Mit einem grünen Trabbi waren Tim Vollmer und zwei seiner Freunde daheim im Rheinpfälzischen abgeholt und nach Leipzig kutschiert worden: Man wollte ihnen so das Abenteuer eines »Studiums in Fernost« schmackhaft machen. Als sie zusagten, bezahlte ihnen die sächsische Universität sogar für ein Semester das möblierte WG-Appartement. Im Gegenzug sollte der Mathematikstudent in einem Blog den in der Westheimat verbliebenen Freunden und Bekannten berichten, wie wenig trist, kulturlos und langweilig der Osten sei ...
Auch Tims damaliger Universitätsrektor Franz Häuser, ein Hesse, riet seinen weststämmigen Leipziger Professoren, mal an ihren alten Gymnasien zu berichten, wie »wunderbar es ist, in Leipzig zu studieren«. Sechs Jahre ist das her – und die Stadt ist inzwischen eine Topadresse auch für Abiturienten West.
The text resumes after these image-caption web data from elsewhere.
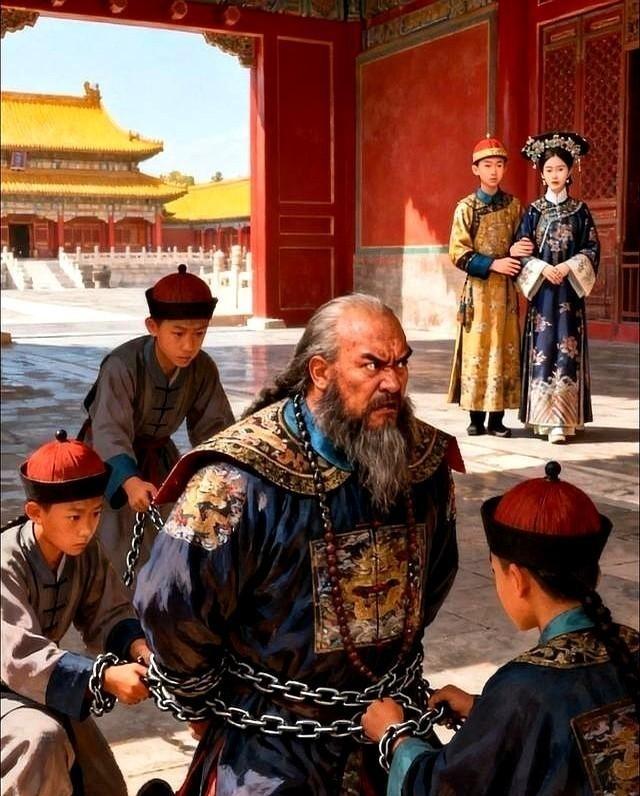 都以为鳌拜是想自己当皇帝。拉倒吧。说句扎心的大实话，他根本就没那个资格，也没那个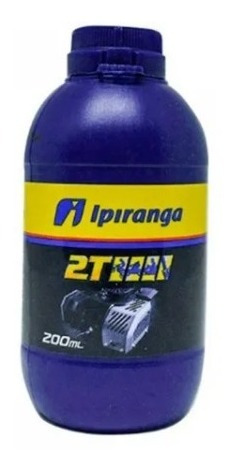 Óleo 2 Tempos Ipiranga 200 Ml Unidade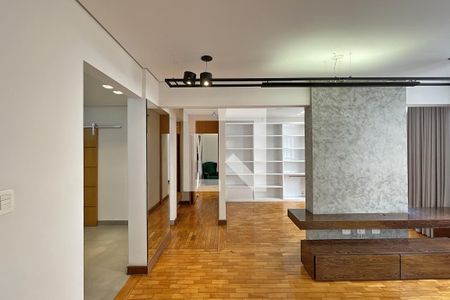 Sala de apartamento para alugar com 2 quartos, 106m² em Boa Viagem, Belo Horizonte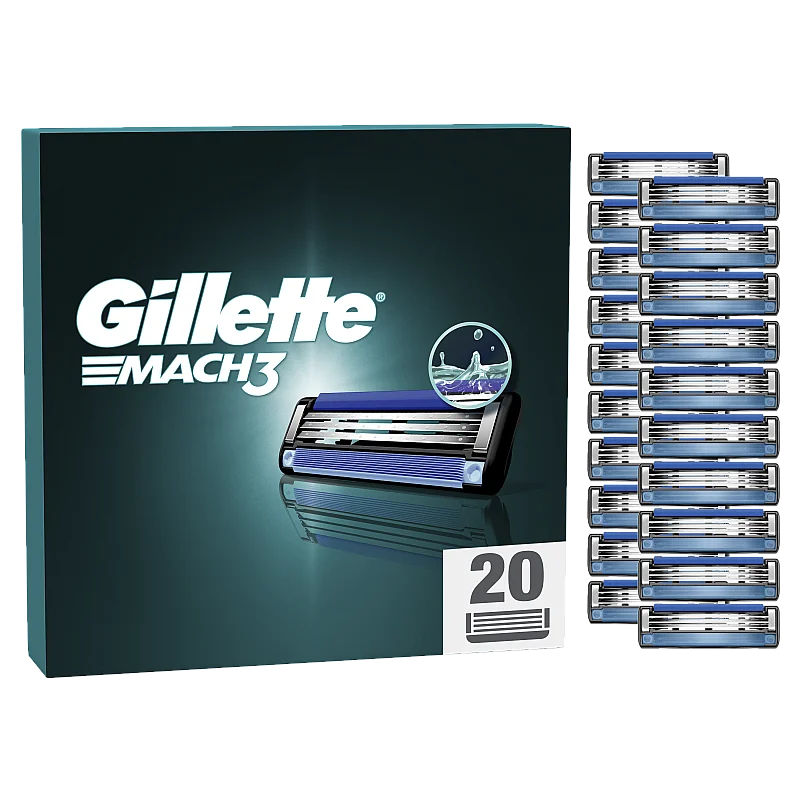 Gillette Mach3 20ct Gillette Mach3 20ct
Sie bildeten hier bereits das Gros der Studierenden, sagt Christof Biggeleben. Der Volkswirt aus dem Sauerland engagiert sich für die Kampagne »Studieren in Fernost«, mit der der Bund den Hochschulpakt 2020 begleitet. Im Rahmen der Aktion, die jährlich zwei Millionen Euro kostet, verpflichten sich 43 der 65 ostdeutschen Hochschulen, trotz Geburtenknick ihre Kapazitäten auf hohem Niveau zu halten. Damit soll der Strom jener Erstsemester aufgefangen werden, die zwischen Kiel und Konstanz wegen der teils doppelten Abiturjahrgänge am Numerus Clausus scheitern.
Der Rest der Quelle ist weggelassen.